The going out of the gospel, chapter one. The going down with Christ to the very lowest place.
Chapter 2. The Mind that was in Christ. Chapter 3.
The perfect mind, Christ in glory, is the object before our souls. And then in the 4th chapter we have Christ as our strength.
And I just want to close with.
His final word in this epistle.
Chapter 4, verse eight. Finally, brethren, he says.
Whatsoever things are true.
Whatsoever things are honest.
Whatsoever things are just.
Whatsoever things are pure.
Whatsoever things are of good report.
Whatsoever things.
Are lovely, I miss that.
And then good report.
If there be any virtue, if there be any praise.
Think on these things.
Commit that verse to memory, beloved, and the repeated over and over.
Whatsoever things are true.
There's so much untruth today.
In the political arena, the social arena.
The most common sin I encountered when I was in the workforce was lying.
What sort of things are true?

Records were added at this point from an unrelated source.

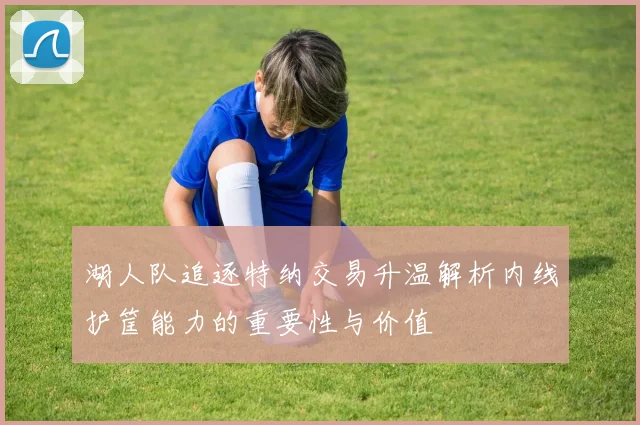 湖人队追逐特纳交易升温解析内线护筐能力的重要性与价值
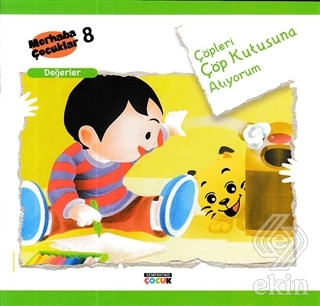 Çöpleri Çöp Kutusuna Atıyorum - Değerler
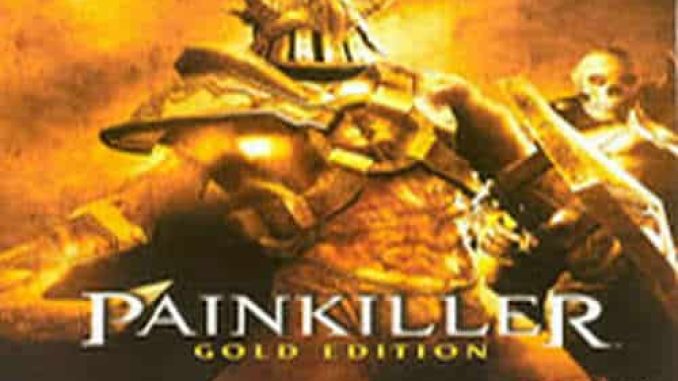 Painkiller Gold Edition Game Free Download – 2023 Updated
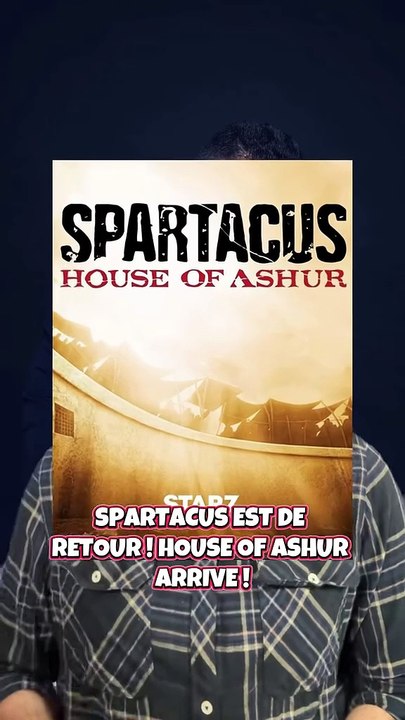 La nouvelle série Spartacus: House of Ashur arrive ! Voici ce qu’on sait ⚔️📺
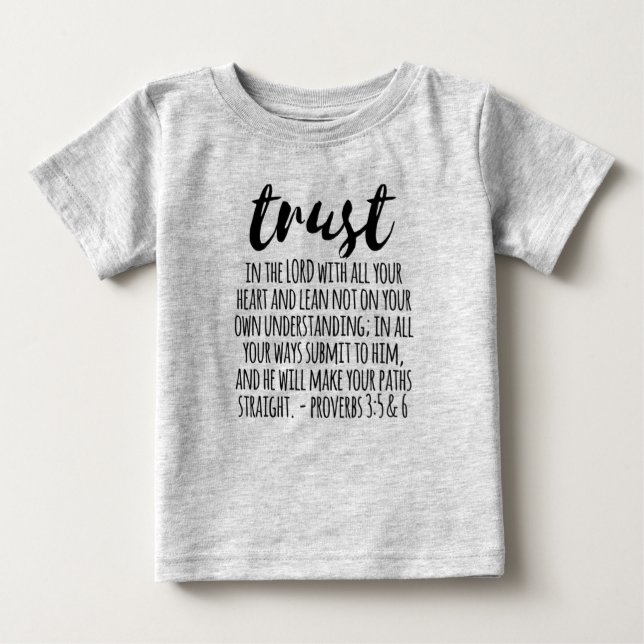 Camiseta Para Bebê Confiança no Lorde Proverbs 3:5-6 (Frente)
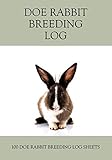 Doe rabbit breeding log: A logbook for record keeping: 100 pages: With room on each sheet for all the important details: Keep your notes organized by Little Homestead Press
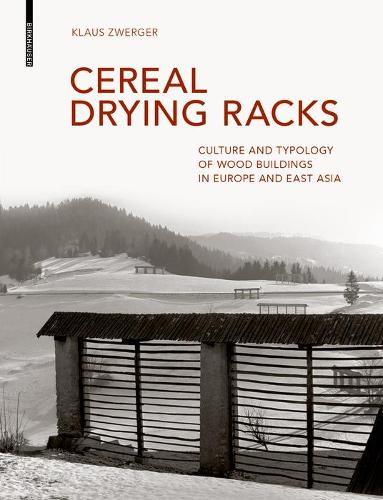 Бумажная книга «Cereal Drying Racks: Culture and Typology of Wood Buildings in Europe and East Asia», автор Клаус Цвергер - фото №1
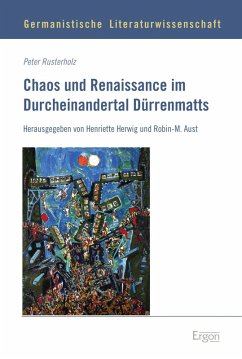 Chaos und Renaissance im Durcheinandertal Dürrenmatts (eBook, PDF) - Rusterholz, Peter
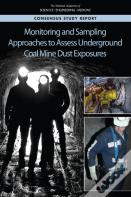 Monitoring And Sampling Approaches To Assess Underground Coal Mine Dust Exposures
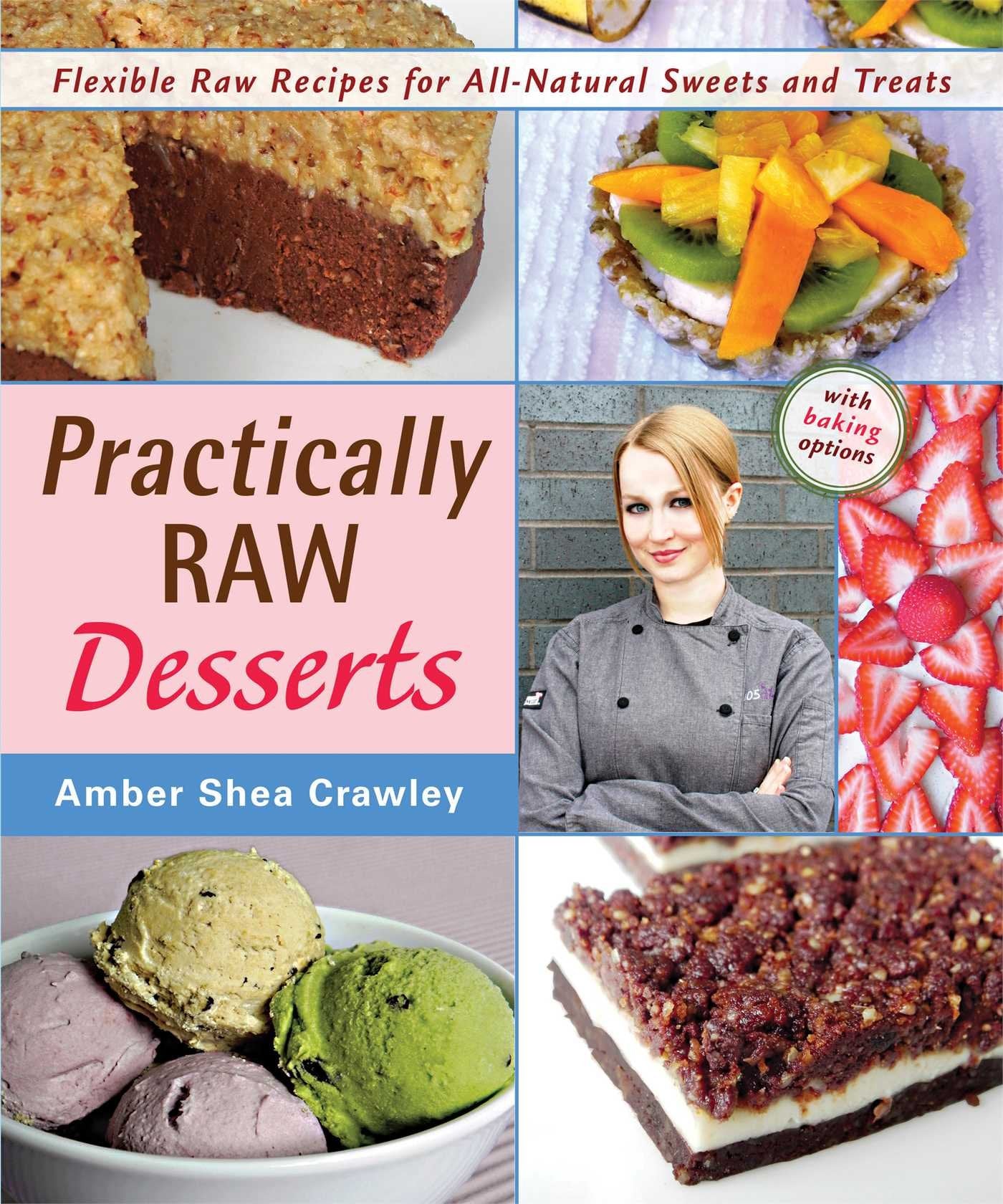 Practically Raw Desserts: Flexible Recipes for All-Natural Sweets and Treats - 9559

He was the true one.
He was and is the truth.
Honest.
Honest, venerable, esteemed of high moral character.
Wonderful thing that when you meet someone, you can take his word for what he says. You know that he's going to hold fast to it and you don't have to have it written down. We don't live in that kind of a society because the spoken word means nothing in a court of law. It has to be written. Nice to find someone that is of an honest character that will say what he means and mean what he says.
That's the way it ought to be with us.
What sort of things are just righteous?
Do the right thing.
No matter what the cost.
Do the right thing.
What sort of things are pure?
The young men When you look upon a young lady, may it be with all purity, The same with the young ladies to the young men.
Pure.
Timothy was told to do that with all purity.
Whatsoever things are lovely, wonderful to be occupied with that as we think of our brethren, as we think of.
I know one of the most lovely things in our little assembly in Lawrenceville are all the little children.
They're lovely, beautiful, beautiful to see little children so, so innocent.
So precious.
And how we ought to pray always for the parents.
To raise them for the Lord, shield them from the world.
So many lovely things, lovely features in our brethren that we can dwell on. Not the ugly ones. It doesn't take any spirituality to see the flesh in another, but to see Christ, that which is lovely.
And whatsoever things are of good report.
So often we get together and all we talk about is bad things.
And that doesn't edify and it doesn't make you feel good. It makes you feel pretty poor.
Good report, good report, someone said to Mr. Darby once. Oh, what will become of us?
And he said, I know of no end for the Christian but glory.
Glory, The glory seen above.
Be occupied with that which is ours, which is eternal, and shall never be taken from us.
If there be any virtue, virtue is moral courage, the ability to take a stand for the Lord in the midst of an evil and corrupt generation.
Virtue.
Peter says add to your faith, virtue to virtue, knowledge, and so on. Moral.
Courage.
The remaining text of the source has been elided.